The newly reintroduced Digital Taxonomy Act of 2019 (also known as the Token Taxonomy Act) suggests an annual allocation of $25 million to the Federal Trade Commission (FTC) to prevent crypto-related cybercrime.

Originally proposed in December by Representatives Warren Davidson (R – Ohio) and Darren Soto (D – Florida) — a noted crypto advocate — but reintroduced yesterday, the bill would exempt cryptocurrency from being classified as a security, meaning it would not fall under existing securities law. But, unlike the initial proposal, the bill would include provisions that would supercede “heavy-handed” regulations like that of New York’s “onerous” BitLicense, and clear up conflicting initiatives state-to-state. Generally, the goal of the bill is to create a more certain and welcoming regulatory environment in which companies can operate in order to encourage the advancement of crypto and blockchain innovation in the United States. As it stands now, the United States is still behind many European nations, and some Asian nations as well, in terms of crypto-friendly policies.

The stated goal of the act on the first page of the proposal reads:

“A bill to authorize additional appropriations to the Federal Trade Commission to prevent unfair or deceptive acts or practices relating to digital tokens and transactions relating to digital tokens, and to require a report to Congress on the Commission’s actions related to digital tokens.”

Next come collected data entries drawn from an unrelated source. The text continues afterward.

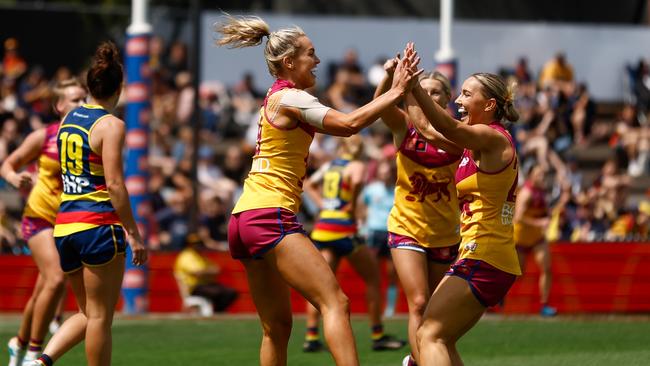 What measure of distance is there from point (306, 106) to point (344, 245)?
490cm

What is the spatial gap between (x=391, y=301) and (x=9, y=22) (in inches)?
396

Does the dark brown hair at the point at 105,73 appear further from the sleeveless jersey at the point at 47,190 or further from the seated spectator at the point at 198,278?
the seated spectator at the point at 198,278

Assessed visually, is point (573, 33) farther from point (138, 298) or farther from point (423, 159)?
point (423, 159)

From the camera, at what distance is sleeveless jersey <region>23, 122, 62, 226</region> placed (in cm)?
1016

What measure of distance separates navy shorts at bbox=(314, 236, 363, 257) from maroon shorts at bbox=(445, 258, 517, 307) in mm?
4767

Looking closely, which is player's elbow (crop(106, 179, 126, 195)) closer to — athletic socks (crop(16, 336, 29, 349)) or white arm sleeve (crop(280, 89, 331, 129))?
white arm sleeve (crop(280, 89, 331, 129))

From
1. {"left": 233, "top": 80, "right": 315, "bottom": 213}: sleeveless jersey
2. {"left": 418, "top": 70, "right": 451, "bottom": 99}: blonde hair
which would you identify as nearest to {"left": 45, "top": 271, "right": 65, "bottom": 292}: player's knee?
{"left": 233, "top": 80, "right": 315, "bottom": 213}: sleeveless jersey

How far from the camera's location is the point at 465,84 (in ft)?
24.8

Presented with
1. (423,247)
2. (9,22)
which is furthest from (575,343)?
(9,22)

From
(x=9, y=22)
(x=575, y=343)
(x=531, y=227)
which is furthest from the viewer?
(x=9, y=22)

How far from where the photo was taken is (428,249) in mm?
8984

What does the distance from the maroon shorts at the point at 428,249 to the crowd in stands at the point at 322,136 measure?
8951 mm

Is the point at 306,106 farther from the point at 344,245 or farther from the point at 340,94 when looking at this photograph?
the point at 340,94

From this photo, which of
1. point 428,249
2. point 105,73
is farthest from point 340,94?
point 105,73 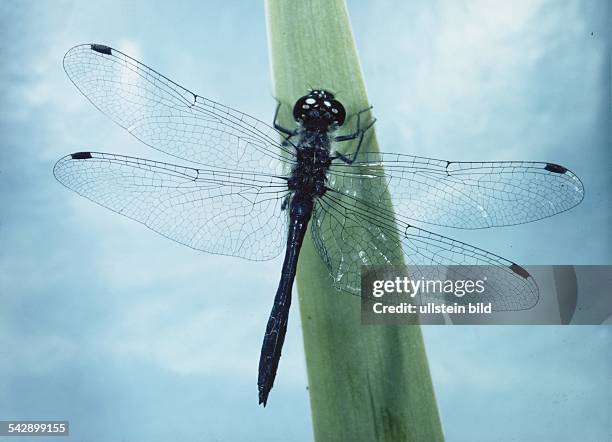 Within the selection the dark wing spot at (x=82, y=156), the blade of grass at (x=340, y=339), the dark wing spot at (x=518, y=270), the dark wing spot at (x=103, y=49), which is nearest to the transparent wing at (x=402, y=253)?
the dark wing spot at (x=518, y=270)

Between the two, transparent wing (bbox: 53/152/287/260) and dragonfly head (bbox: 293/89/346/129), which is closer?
dragonfly head (bbox: 293/89/346/129)

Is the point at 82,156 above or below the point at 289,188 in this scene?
above

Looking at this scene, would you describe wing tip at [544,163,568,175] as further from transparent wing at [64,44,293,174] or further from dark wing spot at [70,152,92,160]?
dark wing spot at [70,152,92,160]

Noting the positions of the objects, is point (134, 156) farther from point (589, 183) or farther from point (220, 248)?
point (589, 183)

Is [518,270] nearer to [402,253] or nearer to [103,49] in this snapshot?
[402,253]

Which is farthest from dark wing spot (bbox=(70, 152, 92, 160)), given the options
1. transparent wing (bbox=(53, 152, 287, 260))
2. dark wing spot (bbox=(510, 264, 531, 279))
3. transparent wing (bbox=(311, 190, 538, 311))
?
dark wing spot (bbox=(510, 264, 531, 279))

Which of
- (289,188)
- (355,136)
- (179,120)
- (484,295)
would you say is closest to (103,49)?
(179,120) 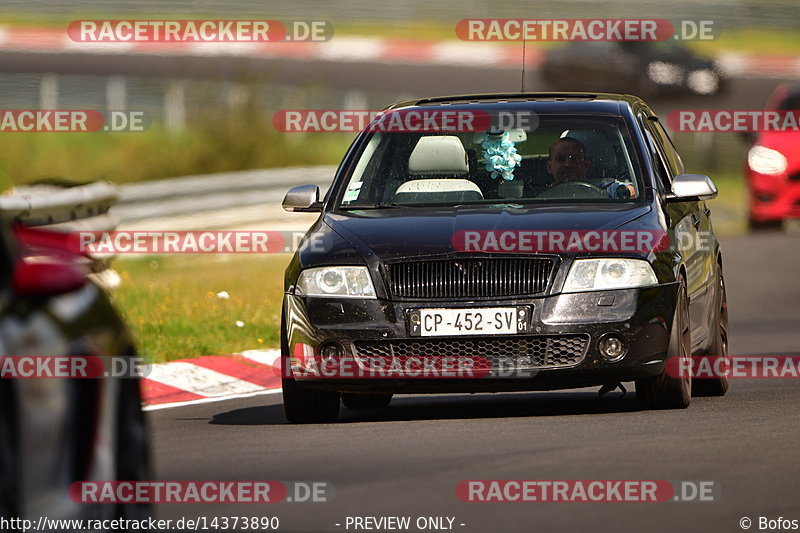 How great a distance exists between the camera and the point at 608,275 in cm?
981

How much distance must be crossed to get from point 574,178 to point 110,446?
5559mm

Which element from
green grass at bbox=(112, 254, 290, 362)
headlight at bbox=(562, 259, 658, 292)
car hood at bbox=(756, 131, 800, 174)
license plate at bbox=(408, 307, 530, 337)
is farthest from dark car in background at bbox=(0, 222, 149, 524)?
car hood at bbox=(756, 131, 800, 174)

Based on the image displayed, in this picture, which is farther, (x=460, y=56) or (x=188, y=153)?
(x=460, y=56)

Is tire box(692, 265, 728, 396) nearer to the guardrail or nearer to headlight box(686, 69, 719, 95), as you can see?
the guardrail

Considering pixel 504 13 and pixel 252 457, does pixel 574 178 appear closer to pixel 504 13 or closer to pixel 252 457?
pixel 252 457

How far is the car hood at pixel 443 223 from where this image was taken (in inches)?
391

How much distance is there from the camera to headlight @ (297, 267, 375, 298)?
990cm

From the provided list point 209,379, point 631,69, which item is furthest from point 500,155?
point 631,69

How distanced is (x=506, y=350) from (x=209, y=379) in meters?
3.41

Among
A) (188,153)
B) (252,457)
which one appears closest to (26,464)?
(252,457)

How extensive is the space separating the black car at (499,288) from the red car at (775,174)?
1099cm

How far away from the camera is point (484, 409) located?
10914 millimetres

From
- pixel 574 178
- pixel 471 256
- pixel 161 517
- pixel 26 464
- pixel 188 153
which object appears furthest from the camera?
pixel 188 153

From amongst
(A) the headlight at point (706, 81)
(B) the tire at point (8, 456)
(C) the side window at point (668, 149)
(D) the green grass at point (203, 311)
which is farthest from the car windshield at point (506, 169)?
(A) the headlight at point (706, 81) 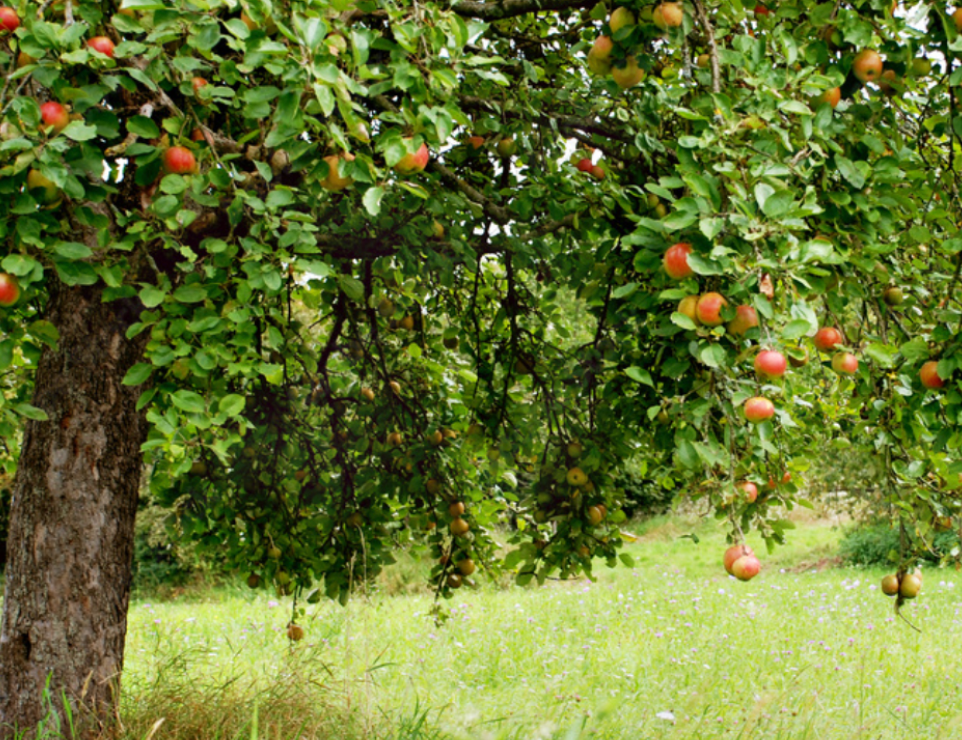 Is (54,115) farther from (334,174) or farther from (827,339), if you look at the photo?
(827,339)

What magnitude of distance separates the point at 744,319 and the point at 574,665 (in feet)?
12.4

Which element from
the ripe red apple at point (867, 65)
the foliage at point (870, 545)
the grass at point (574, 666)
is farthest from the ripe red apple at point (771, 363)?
the foliage at point (870, 545)

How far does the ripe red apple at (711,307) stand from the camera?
5.95ft

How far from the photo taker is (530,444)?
140 inches

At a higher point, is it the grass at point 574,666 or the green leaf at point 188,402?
the green leaf at point 188,402

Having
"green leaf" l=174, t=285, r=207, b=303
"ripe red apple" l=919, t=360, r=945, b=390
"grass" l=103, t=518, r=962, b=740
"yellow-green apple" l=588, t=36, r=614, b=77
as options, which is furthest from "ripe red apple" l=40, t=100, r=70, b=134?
"ripe red apple" l=919, t=360, r=945, b=390

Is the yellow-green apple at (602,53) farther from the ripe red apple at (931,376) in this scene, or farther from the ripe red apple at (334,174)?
the ripe red apple at (931,376)

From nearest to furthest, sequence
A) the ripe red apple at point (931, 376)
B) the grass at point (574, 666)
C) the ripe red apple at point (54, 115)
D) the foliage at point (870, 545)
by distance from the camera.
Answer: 1. the ripe red apple at point (54, 115)
2. the ripe red apple at point (931, 376)
3. the grass at point (574, 666)
4. the foliage at point (870, 545)

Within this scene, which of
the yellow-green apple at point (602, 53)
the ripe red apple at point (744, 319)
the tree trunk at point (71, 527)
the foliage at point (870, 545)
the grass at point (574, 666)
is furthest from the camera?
the foliage at point (870, 545)

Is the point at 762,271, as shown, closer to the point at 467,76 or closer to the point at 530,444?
the point at 467,76

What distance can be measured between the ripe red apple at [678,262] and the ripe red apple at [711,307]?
0.23 ft

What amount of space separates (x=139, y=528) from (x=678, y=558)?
24.0 ft

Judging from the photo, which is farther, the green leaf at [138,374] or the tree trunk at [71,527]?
the tree trunk at [71,527]

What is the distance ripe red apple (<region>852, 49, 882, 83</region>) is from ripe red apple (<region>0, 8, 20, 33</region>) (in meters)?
1.94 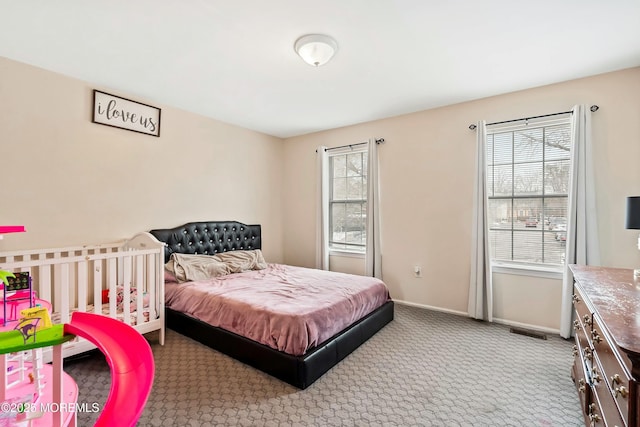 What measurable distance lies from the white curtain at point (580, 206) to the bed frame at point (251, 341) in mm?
1808

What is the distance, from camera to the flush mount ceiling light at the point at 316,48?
7.08 ft

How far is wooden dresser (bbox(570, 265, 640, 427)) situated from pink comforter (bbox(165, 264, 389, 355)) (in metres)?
1.58

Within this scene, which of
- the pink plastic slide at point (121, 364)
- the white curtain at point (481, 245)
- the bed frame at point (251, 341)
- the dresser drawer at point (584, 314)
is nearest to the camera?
the pink plastic slide at point (121, 364)

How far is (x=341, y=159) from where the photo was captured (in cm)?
460

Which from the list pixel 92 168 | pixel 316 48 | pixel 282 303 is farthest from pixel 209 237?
pixel 316 48

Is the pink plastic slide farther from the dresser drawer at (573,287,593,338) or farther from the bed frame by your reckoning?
the dresser drawer at (573,287,593,338)

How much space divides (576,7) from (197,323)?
376 cm

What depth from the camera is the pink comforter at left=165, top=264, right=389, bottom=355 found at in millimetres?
2162

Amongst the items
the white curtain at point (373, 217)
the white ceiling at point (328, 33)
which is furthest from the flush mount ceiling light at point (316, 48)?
the white curtain at point (373, 217)

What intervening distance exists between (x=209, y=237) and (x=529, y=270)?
3.87m

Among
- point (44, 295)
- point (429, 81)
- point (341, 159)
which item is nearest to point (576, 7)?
point (429, 81)

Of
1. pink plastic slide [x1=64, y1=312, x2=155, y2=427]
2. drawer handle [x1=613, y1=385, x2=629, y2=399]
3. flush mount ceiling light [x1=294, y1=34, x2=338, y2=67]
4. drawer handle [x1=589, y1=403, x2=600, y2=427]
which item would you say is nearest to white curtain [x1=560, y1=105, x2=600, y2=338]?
drawer handle [x1=589, y1=403, x2=600, y2=427]

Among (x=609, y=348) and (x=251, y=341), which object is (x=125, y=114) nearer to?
(x=251, y=341)

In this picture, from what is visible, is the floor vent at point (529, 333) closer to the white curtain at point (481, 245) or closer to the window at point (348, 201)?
the white curtain at point (481, 245) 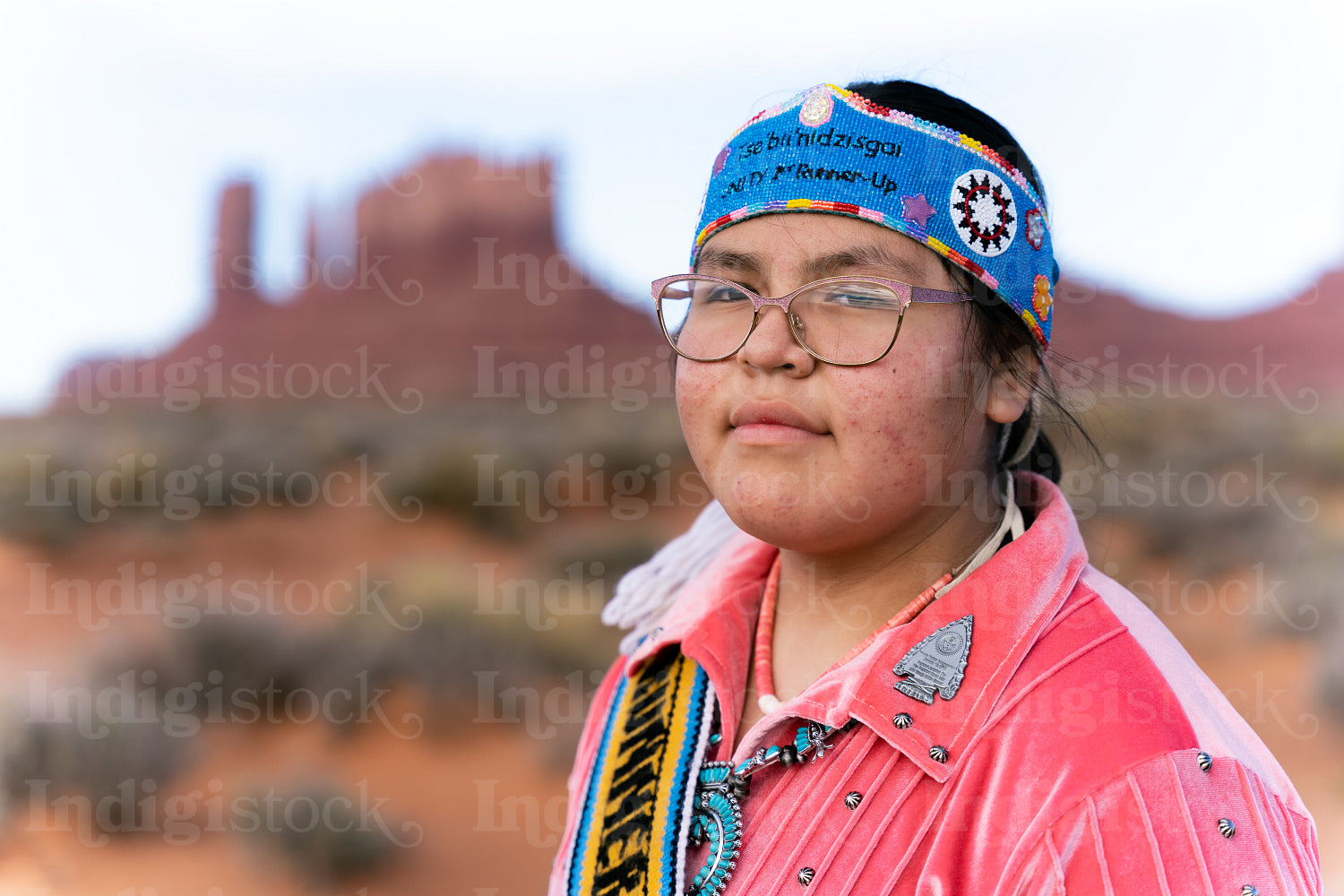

The bill goes on to state that the FTC would be granted $25 million in funding each year from 2020-2024 in order to fight crypto-related crimes. Later on, short definitions of important crypto terms, like “digital token,” are provided for clarity.

If passed, the Bill would require the FTC to provide an annual report on its crypto-related regulatory actions to the House of Representatives’ Committee on Energy and Commerce and the Senate’s Committee on Commerce, Science, and Transportation.